Abstract:Purpose: To develop and evaluate a method for rapid estimation of multiparametric T1, T2, proton density (PD), and inversion efficiency (IE) maps from 3D-quantification using an interleaved Look-Locker acquisition sequence with T2 preparation pulse (3D-QALAS) measurements using self-supervised learning (SSL) without the need for an external dictionary. Methods: A SSL-based QALAS mapping method (SSL-QALAS) was developed for rapid and dictionary-free estimation of multiparametric maps from 3D-QALAS measurements. The accuracy of the reconstructed quantitative maps using dictionary matching and SSL-QALAS was evaluated by comparing the estimated T1 and T2 values with those obtained from the reference methods on an ISMRM/NIST phantom. The SSL-QALAS and the dictionary matching methods were also compared in vivo, and generalizability was evaluated by comparing the scan-specific, pre-trained, and transfer learning models. Results: Phantom experiments showed that both the dictionary matching and SSL-QALAS methods produced T1 and T2 estimates that had a strong linear agreement with the reference values in the ISMRM/NIST phantom.
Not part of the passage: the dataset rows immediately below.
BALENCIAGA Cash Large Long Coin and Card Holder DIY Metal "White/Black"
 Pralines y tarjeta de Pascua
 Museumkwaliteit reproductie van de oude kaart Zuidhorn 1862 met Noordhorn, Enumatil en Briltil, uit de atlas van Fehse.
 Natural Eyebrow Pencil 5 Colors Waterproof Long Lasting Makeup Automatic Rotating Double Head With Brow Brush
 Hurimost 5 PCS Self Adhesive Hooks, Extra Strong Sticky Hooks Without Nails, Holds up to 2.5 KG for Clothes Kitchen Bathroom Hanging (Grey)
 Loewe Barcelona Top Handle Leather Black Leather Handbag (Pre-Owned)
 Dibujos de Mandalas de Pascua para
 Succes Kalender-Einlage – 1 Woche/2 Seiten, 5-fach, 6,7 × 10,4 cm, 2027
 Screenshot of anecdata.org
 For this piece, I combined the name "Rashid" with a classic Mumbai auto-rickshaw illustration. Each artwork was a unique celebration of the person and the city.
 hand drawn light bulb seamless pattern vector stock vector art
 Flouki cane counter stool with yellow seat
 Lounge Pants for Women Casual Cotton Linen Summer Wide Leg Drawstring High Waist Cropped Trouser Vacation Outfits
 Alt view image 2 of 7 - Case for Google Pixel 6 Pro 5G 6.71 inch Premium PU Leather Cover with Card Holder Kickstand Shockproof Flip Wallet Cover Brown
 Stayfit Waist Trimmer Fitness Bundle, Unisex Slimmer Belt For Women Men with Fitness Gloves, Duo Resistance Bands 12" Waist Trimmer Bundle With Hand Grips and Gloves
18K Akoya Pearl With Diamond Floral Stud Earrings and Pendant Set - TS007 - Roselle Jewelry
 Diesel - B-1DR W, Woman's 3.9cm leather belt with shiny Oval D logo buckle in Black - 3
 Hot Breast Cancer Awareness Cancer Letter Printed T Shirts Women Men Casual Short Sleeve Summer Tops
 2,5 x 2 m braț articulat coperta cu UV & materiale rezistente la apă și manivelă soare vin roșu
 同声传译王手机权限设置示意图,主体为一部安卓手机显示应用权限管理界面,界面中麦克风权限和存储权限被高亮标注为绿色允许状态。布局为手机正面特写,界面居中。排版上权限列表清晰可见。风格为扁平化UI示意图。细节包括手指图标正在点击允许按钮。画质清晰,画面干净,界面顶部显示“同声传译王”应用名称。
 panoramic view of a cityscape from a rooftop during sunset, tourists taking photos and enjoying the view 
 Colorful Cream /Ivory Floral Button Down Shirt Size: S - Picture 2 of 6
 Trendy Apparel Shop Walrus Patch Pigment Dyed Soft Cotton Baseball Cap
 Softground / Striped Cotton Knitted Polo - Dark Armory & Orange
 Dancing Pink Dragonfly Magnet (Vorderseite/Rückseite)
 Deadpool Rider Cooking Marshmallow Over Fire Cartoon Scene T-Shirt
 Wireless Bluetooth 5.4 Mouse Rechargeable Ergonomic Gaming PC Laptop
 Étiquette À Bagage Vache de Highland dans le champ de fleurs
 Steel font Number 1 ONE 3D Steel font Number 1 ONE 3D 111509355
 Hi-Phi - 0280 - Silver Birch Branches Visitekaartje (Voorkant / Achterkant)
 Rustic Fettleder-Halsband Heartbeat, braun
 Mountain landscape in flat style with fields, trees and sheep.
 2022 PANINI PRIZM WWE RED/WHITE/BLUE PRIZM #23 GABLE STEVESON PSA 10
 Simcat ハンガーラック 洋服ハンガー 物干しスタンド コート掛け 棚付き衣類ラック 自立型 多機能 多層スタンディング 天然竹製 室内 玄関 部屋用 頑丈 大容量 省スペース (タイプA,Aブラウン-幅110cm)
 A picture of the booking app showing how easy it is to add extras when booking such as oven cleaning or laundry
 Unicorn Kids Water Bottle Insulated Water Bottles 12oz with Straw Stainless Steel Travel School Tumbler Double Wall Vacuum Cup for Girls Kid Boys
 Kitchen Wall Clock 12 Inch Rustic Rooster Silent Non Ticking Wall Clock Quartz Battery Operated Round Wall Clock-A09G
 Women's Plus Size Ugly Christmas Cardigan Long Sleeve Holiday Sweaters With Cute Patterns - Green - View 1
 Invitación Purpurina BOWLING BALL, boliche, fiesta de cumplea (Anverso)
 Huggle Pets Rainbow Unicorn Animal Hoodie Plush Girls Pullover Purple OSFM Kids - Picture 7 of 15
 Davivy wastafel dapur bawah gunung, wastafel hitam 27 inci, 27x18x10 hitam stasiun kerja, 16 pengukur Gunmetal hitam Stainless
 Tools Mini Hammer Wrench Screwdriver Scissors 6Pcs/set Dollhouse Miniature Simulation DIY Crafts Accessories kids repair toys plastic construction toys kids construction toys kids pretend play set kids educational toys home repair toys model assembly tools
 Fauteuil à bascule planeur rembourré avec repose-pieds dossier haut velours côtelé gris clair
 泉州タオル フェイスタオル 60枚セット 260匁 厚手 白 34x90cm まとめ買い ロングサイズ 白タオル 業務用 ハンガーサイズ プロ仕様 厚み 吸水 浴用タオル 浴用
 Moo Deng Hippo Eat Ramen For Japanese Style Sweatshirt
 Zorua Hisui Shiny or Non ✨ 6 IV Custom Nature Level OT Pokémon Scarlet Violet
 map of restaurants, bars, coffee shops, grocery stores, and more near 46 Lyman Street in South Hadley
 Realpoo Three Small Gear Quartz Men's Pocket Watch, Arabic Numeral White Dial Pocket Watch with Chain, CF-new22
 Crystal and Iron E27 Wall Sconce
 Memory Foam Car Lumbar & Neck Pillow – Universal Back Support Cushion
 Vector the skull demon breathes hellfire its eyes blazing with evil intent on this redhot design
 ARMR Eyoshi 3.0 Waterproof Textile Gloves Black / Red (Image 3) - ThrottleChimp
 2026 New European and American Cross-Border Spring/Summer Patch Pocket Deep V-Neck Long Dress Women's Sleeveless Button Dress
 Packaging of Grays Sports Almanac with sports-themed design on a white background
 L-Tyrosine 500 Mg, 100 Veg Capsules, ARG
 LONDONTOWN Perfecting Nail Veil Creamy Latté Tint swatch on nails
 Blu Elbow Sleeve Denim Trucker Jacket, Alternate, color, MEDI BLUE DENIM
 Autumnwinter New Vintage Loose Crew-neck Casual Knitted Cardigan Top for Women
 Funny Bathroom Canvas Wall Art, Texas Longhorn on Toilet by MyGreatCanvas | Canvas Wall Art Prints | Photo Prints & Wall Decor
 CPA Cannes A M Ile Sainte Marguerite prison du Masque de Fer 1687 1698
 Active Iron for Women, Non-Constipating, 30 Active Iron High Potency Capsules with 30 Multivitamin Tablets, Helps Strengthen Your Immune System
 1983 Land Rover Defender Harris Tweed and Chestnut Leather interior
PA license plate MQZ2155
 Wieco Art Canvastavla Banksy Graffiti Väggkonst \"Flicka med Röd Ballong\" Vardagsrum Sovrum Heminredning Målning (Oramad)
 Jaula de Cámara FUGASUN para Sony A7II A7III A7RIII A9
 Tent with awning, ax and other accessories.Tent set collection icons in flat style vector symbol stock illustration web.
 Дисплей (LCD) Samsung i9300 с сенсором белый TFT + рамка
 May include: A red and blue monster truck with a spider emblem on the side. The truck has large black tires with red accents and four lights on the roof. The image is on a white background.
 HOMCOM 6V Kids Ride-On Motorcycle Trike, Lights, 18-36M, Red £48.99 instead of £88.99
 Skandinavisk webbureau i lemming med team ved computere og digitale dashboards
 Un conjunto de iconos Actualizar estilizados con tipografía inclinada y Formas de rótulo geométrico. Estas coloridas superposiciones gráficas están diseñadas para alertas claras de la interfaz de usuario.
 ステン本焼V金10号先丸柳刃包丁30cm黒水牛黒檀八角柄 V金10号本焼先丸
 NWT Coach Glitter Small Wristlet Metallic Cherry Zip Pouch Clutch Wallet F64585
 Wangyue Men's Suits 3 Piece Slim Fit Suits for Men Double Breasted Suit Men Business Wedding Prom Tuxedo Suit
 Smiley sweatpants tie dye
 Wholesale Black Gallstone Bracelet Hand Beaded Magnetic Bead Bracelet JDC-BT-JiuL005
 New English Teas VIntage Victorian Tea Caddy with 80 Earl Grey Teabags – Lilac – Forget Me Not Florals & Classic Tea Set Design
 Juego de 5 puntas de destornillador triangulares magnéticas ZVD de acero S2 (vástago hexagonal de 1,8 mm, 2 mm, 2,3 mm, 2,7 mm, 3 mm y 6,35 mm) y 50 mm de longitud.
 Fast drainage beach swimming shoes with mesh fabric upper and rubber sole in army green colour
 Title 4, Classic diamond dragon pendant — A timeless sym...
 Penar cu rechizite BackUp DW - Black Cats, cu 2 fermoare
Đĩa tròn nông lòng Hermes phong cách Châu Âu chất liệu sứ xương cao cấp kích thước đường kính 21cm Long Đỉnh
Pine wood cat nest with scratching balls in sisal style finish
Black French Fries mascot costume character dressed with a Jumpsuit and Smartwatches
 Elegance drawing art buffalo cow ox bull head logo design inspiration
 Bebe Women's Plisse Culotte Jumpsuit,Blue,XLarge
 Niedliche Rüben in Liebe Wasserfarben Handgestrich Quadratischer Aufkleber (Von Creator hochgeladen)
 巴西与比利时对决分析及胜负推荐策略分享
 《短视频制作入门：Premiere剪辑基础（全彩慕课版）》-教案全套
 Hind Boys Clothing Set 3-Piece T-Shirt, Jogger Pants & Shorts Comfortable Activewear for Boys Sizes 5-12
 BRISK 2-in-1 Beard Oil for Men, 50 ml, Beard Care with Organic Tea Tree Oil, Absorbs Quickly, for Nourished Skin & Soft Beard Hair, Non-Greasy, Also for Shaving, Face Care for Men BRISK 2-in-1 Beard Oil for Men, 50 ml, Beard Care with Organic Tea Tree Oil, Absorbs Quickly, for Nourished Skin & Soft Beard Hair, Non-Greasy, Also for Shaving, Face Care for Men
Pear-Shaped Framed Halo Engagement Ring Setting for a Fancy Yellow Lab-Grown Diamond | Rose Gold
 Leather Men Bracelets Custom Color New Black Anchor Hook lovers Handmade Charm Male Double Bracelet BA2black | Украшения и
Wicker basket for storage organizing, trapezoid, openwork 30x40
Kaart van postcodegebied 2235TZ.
Further, SSL-QALAS showed similar performance with dictionary matching in reconstructing the T1, T2, PD, and IE maps on in vivo data. Rapid reconstruction of multiparametric maps was enabled by inferring the data using a pre-trained SSL-QALAS model within 10 s. Fast scan-specific tuning was also demonstrated by fine-tuning the pre-trained model with the target subject's data within 15 min. Conclusion: The proposed SSL-QALAS method enabled rapid reconstruction of multiparametric maps from 3D-QALAS measurements without an external dictionary or labeled ground-truth training data.